Obscure movie puns - like 1963 Cleopatra

Raising Hope also had the glorious pun about a doll that realistically sneezed. When it was found in a Christmas creche, someone shouted out, “It’s the baby sneezes!”

I doubt my friend or Fields had ever heard of it. It was pretty obscure until long after the movie was shot and long after we saw it.

Pretty odd coincidence. (I’m not saying it wasn’t a coincidence – it would also have been a bit of a grim reference for a WC Fields flick, given the deaths involved – but pretty weird.)

That’s where I first learned about it!

Mel talked about that little joke both times I’ve seen him. Luckily for all of us Blazing Saddles was early enough that he didn’t feel the need to telegraph, explain or beat the joke to death like he did so many others in later movies.

More than that. He also dressed as Balzac for a Halloween party one year.

Only now, almost 50 years after having seen the movie for the first time, have I learned it actually was a joke! I had never heard of the relevant gentleman until a few minutes ago, when I Googled the phrase used in the film.
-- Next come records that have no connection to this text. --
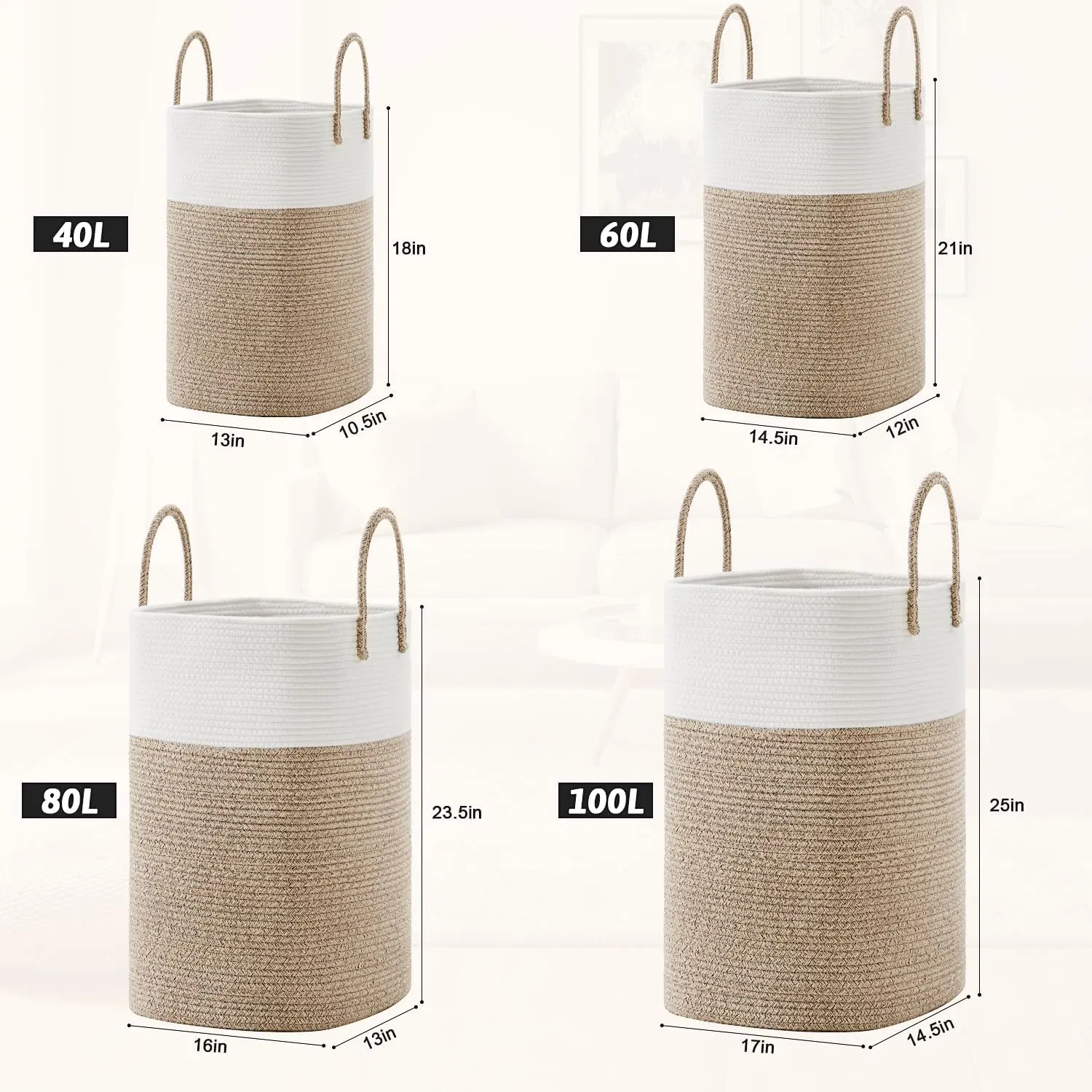 Laundry Basket Woven Cotton Rope Laundry Hamper Cotton Storage Basket for Dirty Clothes Baby Toys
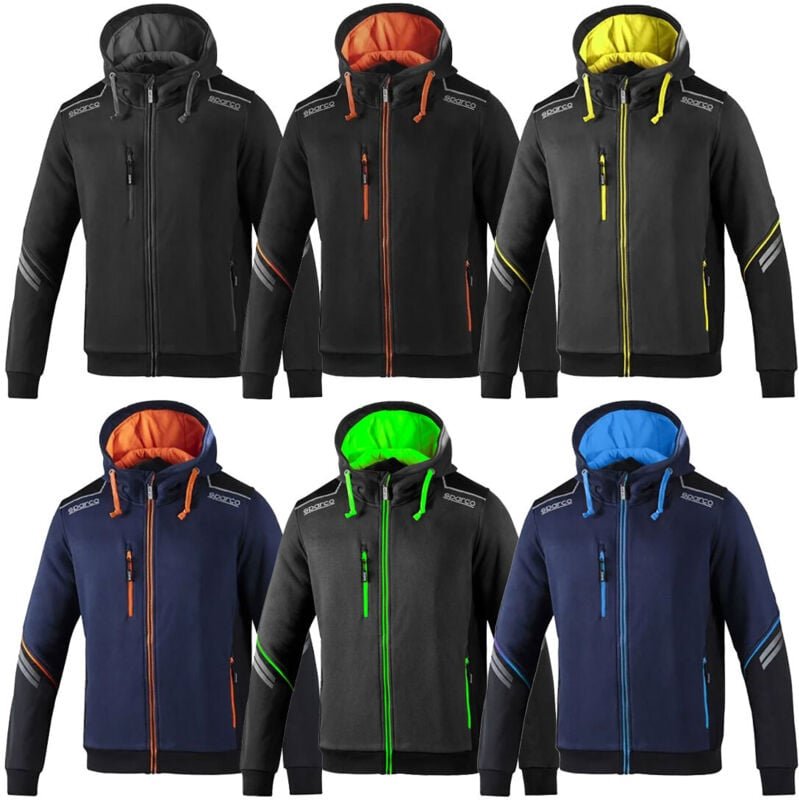 Sparco Colorado Tech Arbeits-Sweatshirt mit Kapuze und durchgehendem Reißverschluss 02414 - L - Azul
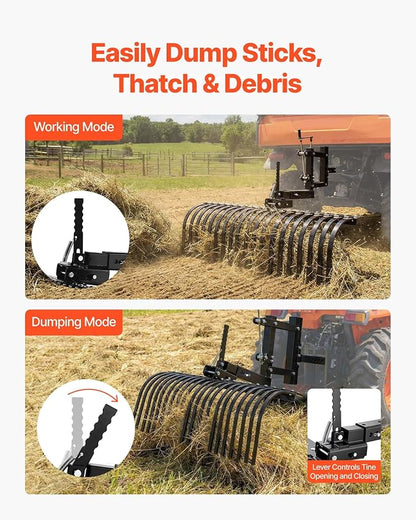 VEVOR 42 in Tow Behind Landscape Rake, 3-Point Lawn Rock Rake with Blade & Lift Lever, Fit Category 1 ATVs UTVs Lawn Tractors, Heavy Duty Dethatcher Rake for Debris Leaves Thatch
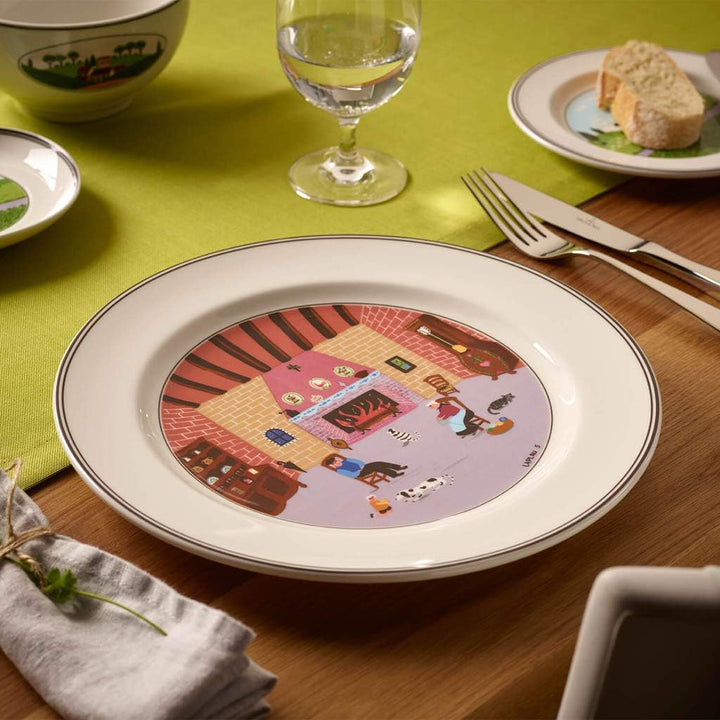 Villeroy und Boch Design Naif Speiseteller Kamin, Premium Porzellan Speiseteller 27 cm Kamin, Speise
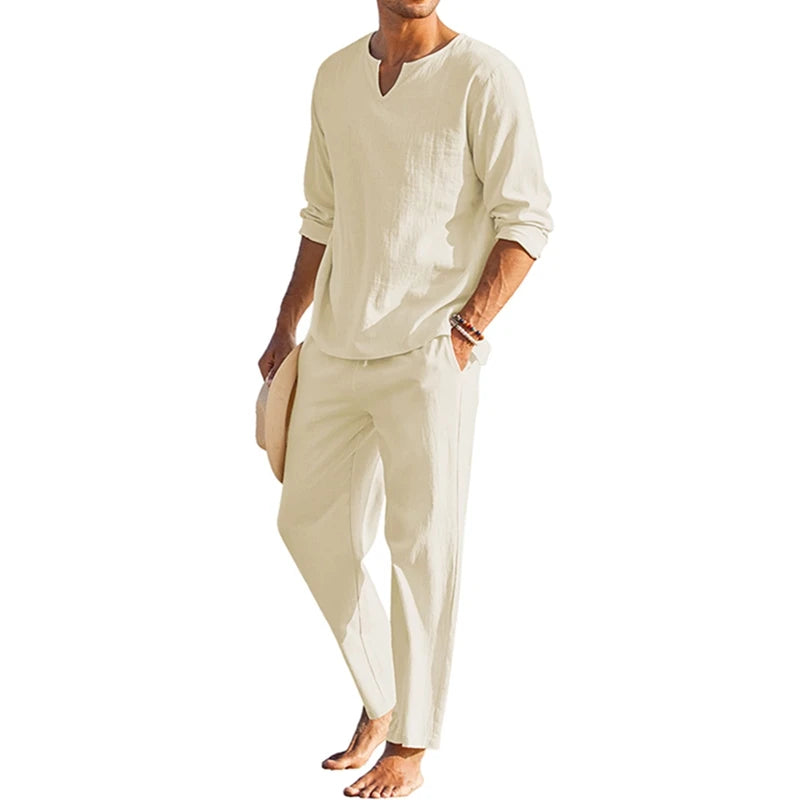 Men's Summer Cotton Linen Clothes Henley Shirt Pants Set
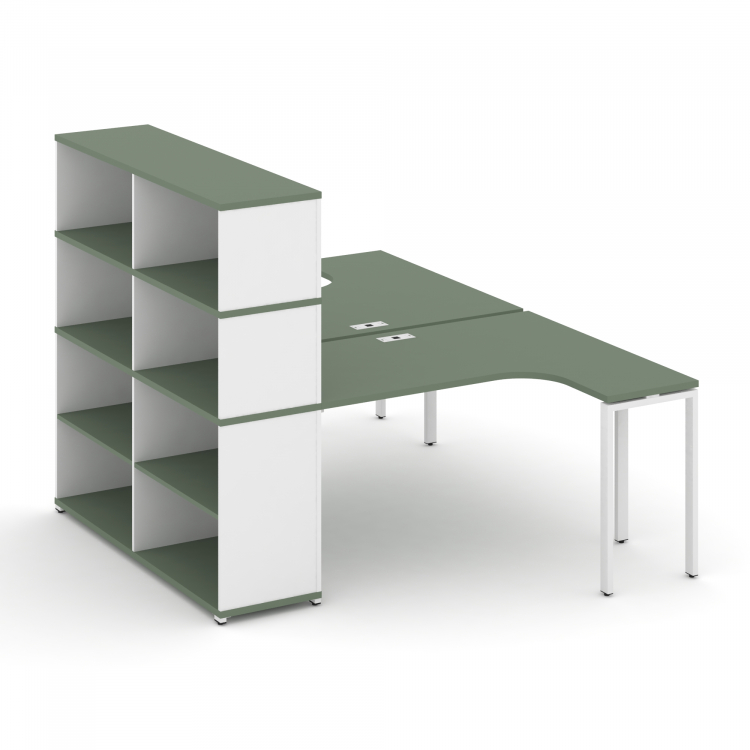 Concept Рабочая станция с опорным стеллажом с надставкой выс. CN.DSA-208 Кобо/Белый Бриллиант/Металл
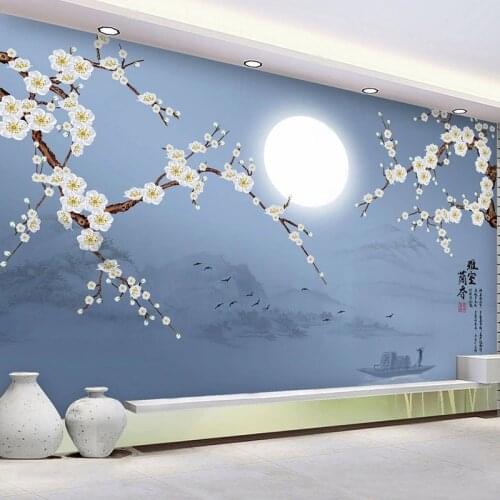 Chinese Style Classical Artistic Decor Wall Murals Floral Tree Moon Pattern Bedroom Wallpaper Designs Custom Papel De Parede 3D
Nice to finally know something that went completely over my head as a teenager. Now I’ll be really smart when I’m dead! :+1:

You guys are pretty slow today. I’ve been expecting somebody to post this for three hours now:

I guess you must all be in church, eh? :innocent:

For that matter, how many kids today watching The Producers know what a Karmann Ghia is?

Heck, I’m 54 and, until I looked it up just now, I didn’t know who Mongo Santamaria was.

I did know about Karmann Ghia. I used to know a guy who drove one.

Relatively few people knew who he was when the movie came out.

Mrs J. and I saw it in the theater, and we were the only two audience members who laughed at the “Mongo! Santamaria!” line.

Along the same line as the Mongo Santamaria clip. In an episode of The Sopranos, FBI agents were attempting to enter a mobster’s home to plant a bug. One agent said “It’s locked” whereupon his boss said “Pick it Wilson”. If it doesn’t sound familiar here’s a clue : [spoiler] Wilson pickett. Funky Broadway. - YouTube

I was the only one who laughed at “Badges? We don’ need no steenkin’ badges!” (I watched a lot of old movies on TV every weekend afternoon.)

In Casablanca’s Paris flashback scene where Ilse has just finished teaching Rick geometry, Rick pours two glasses of champagne to celebrate a successful lesson, raises his glass and says, ‘Here’s looking at Euclid’.

His comment is especially prescient in view of the later love triangle involving Victor Laszlo.

That’s one of the Police Squad movies (forget which one)

2 1/2

How many people today encountering The Hitch Hiker’s Guide To The Galaxy for the first time know what a Ford Prefect was? Or Hotblack Desiato?

I didn’t know what a Ford Prefect was in 1982 (and I don’t know who Hotblack Desiato is (other than the character in the book), now).

Another one from Mel Brooks: in History of the World, Part I, when Marcus Vindictus calls in the erotic dancer, he shouts “Caladonia! Let’s make their big heads so hard!” It’s a reference to an old Louis Jordan song: “Caldonia, what makes your big head so hard?”

I recognize that reference.

In Young Frankenstein, our hero asks the shoeshine boy “Pardon me boy, is this the. Transylvanic station?” “Ya, track 29 - and can I give you a shine?” which likely goes over the younger folks’ heads these days.